🤖 AI Summary
It remains unclear whether vision-only models can spontaneously acquire geometric and topological (GT) concepts—akin to human, especially child, cognitive development—without linguistic supervision.
Method: We introduce the first standardized psychophysical benchmark covering 43 GT concepts, employing odd-one-out tasks. Human children’s behavioral responses serve as the cognitive alignment ground truth. We systematically evaluate zero-shot transfer performance of CNNs, Vision Transformers (ViTs), and vision-language models (e.g., CLIP).

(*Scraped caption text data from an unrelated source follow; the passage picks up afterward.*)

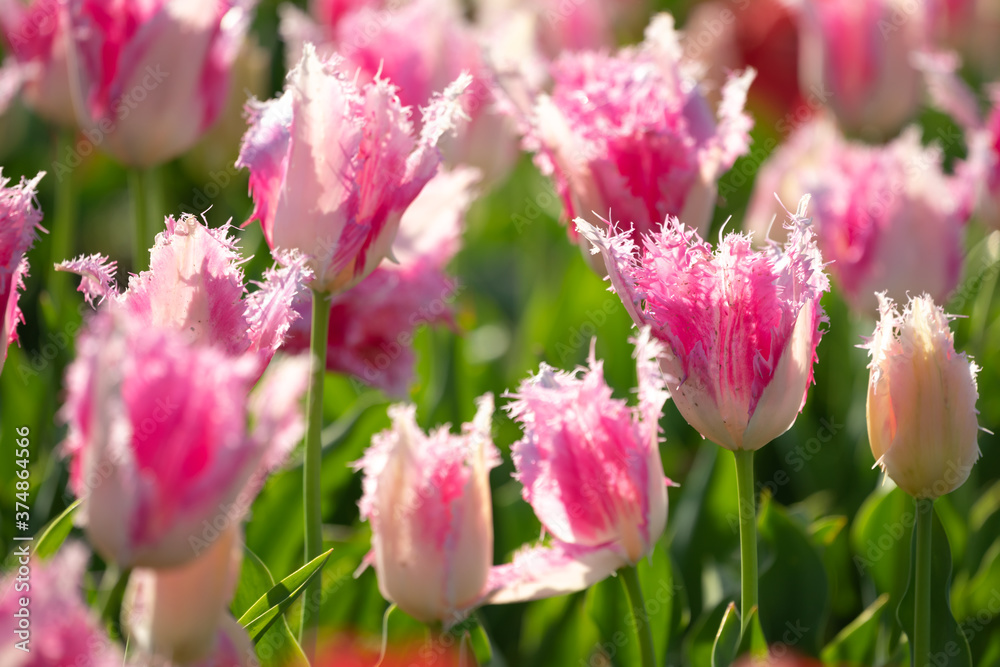 チューリップの花　春のイメージ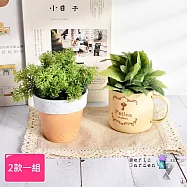 【Meric Garden】創意北歐仿真療癒小綠植盆栽/桌面裝飾擺設_ (香芹+海棠葉)2款一組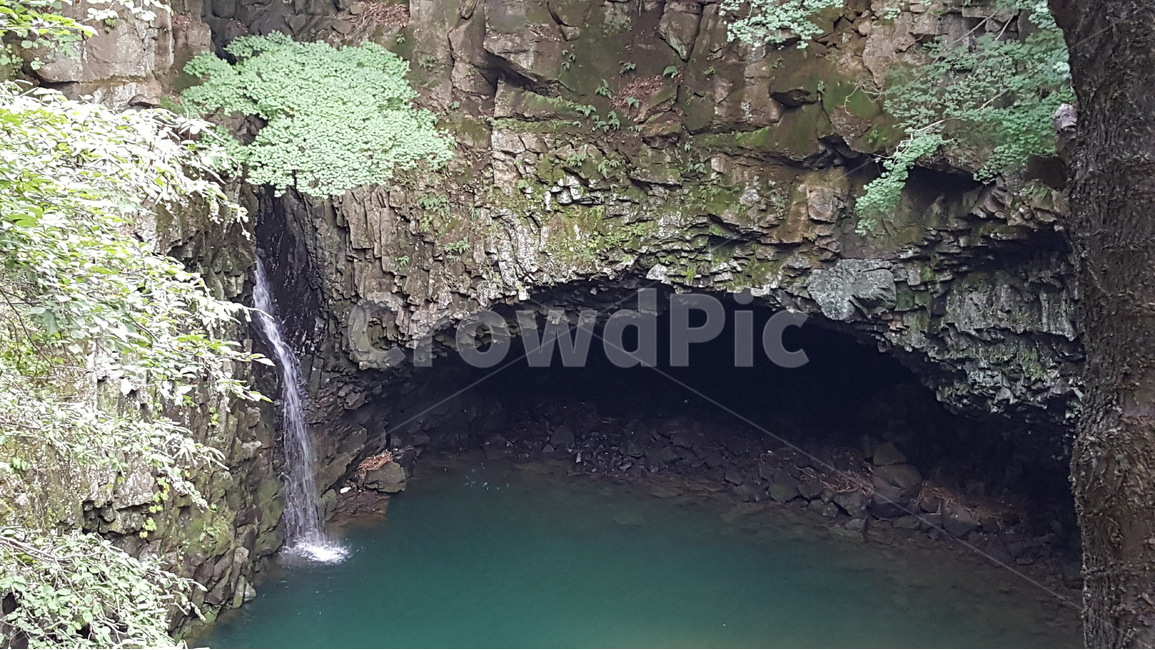 비둘기낭,폭포,계곡,자연,물,자연,풍경,nature,landscape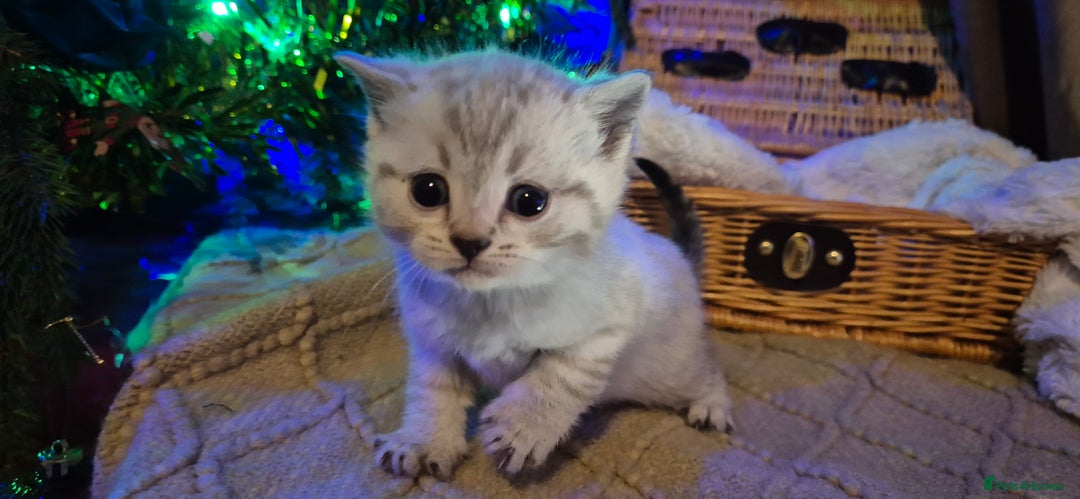 Bengal cats for sale: Bengal x British short hair - Advert 15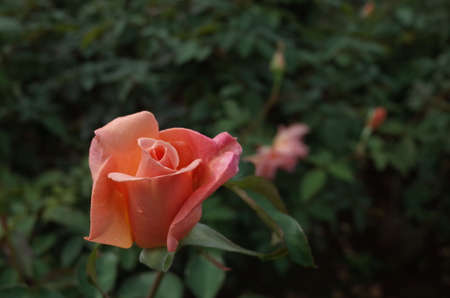 Apricot Flower of Rose 'Helen Traubel' in Full Bloom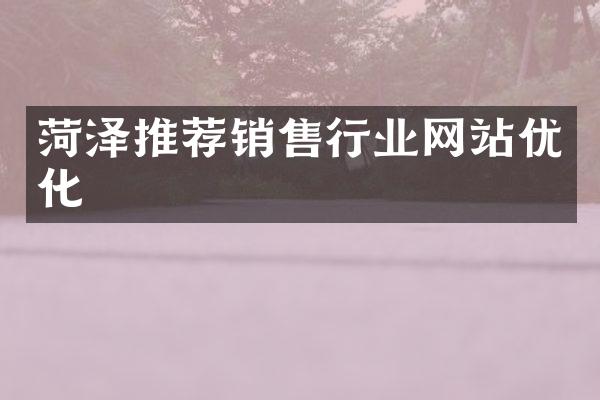 菏泽推荐销售行业网站优化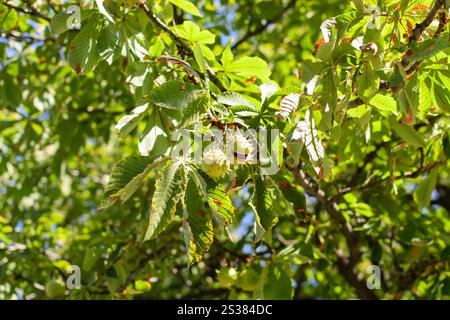 Herbstdornkastanien hängen an einem Baum. Naturfoto. Herbstdornkastanien hängen an einem Baum Stockfoto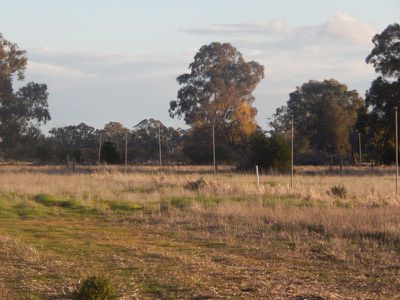899 River Road, Murrabit West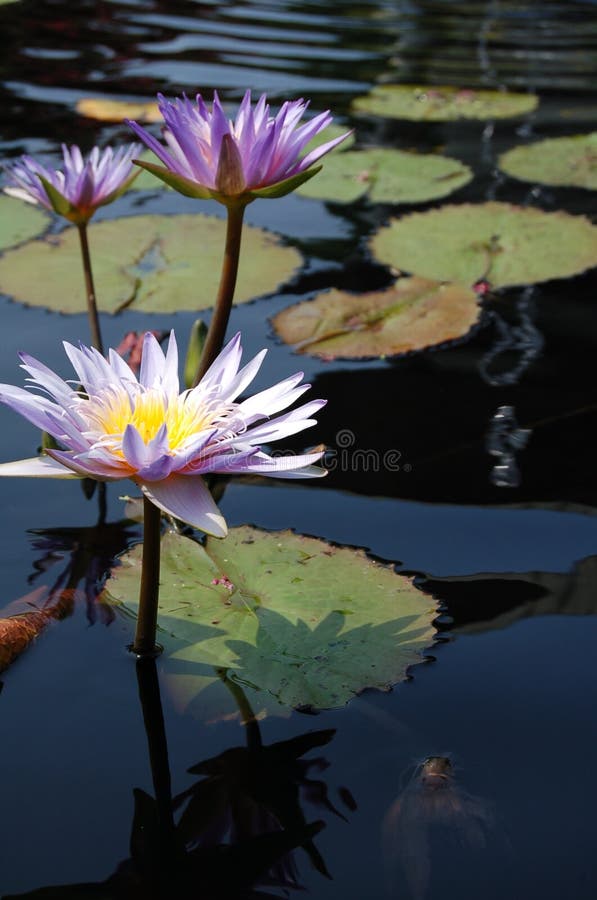 Purpurrote Wasser-Lilien in einem Fisch-Teich in Washington, Gleichstrom stockfoto Purpurrote Wasser-Lilien in einem Fisch-Teich in Washington, Gleichstrom stockfoto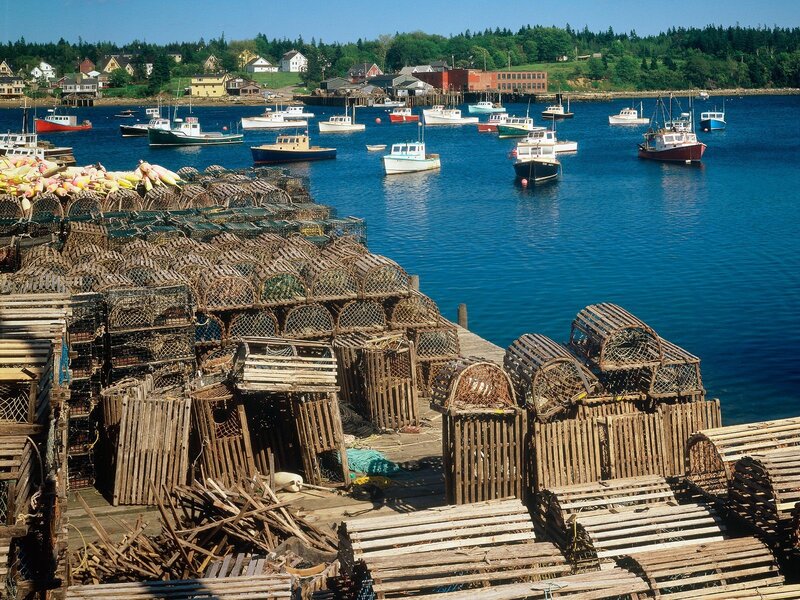 Lobster traps at a coastal harbor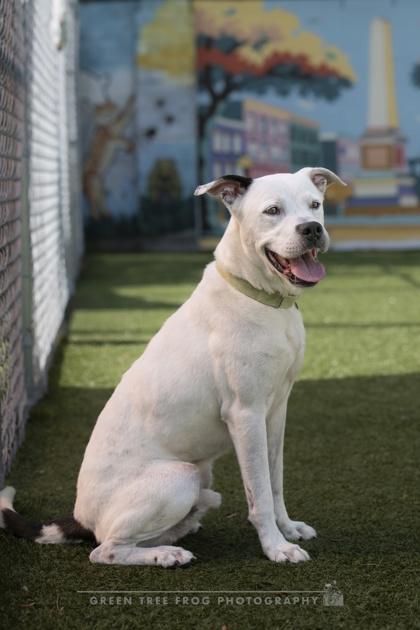 Buddy, Adoptable, Adult Male Mixed Breed & Mixed Breed.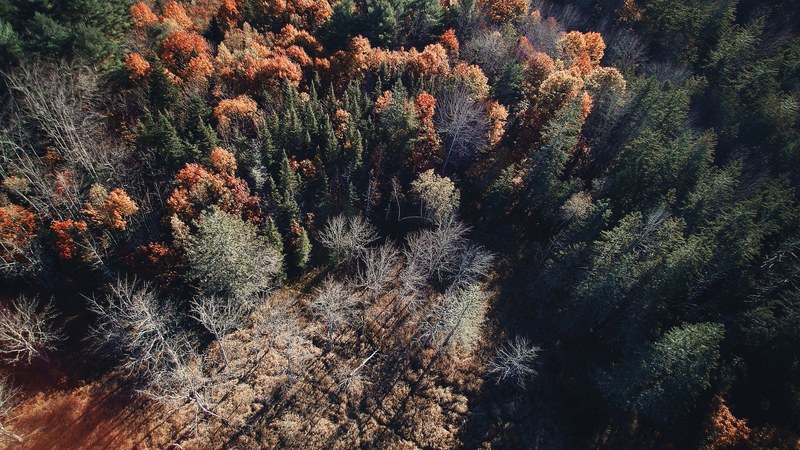 drone shot of trees in autumn colors casting long shadows, evergreen woods in autumn 4k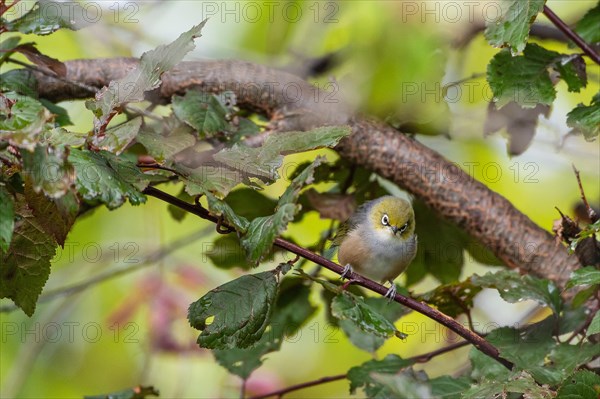 Silvereye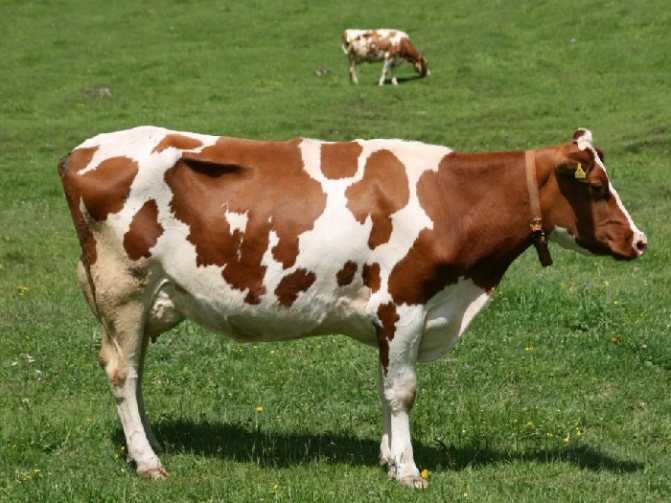 Айрширская порода коров: характеристика, фото, отзывы, история породы. Плюсы и минусы рогатых и комолых животных.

Contribution/Results: Purely visual ViTs outperform children in GT recognition accuracy and exhibit strong rank-order correspondence with children’s difficulty profiles (Pearson *r* = 0.82). In contrast, multimodal models like CLIP underperform significantly (*p* < 0.001), challenging the prevailing assumption that multimodality inherently enhances geometric reasoning. This work provides the first empirical evidence that vision-only systems can autonomously develop human-like GT abstraction capabilities without language supervision.
📝 Abstract
With the rapid improvement of machine learning (ML) models, cognitive scientists are increasingly asking about their alignment with how humans think. Here, we ask this question for computer vision models and human sensitivity to geometric and topological (GT) concepts. Under the core knowledge account, these concepts are innate and supported by dedicated neural circuitry. In this work, we investigate an alternative explanation, that GT concepts are learned ``for free'' through everyday interaction with the environment. We do so using computer visions models, which are trained on large image datasets. We build on prior studies to investigate the overall performance and human alignment of three classes of models -- convolutional neural networks (CNNs), transformer-based models, and vision-language models -- on an odd-one-out task testing 43 GT concepts spanning seven classes. Transformer-based models achieve the highest overall accuracy, surpassing that of young children. They also show strong alignment with children's performance, finding the same classes of concepts easy vs. difficult. By contrast, vision-language models underperform their vision-only counterparts and deviate further from human profiles, indicating that na""ive multimodality might compromise abstract geometric sensitivity. These findings support the use of computer vision models to evaluate the sufficiency of the learning account for explaining human sensitivity to GT concepts, while also suggesting that integrating linguistic and visual representations might have unpredicted deleterious consequences.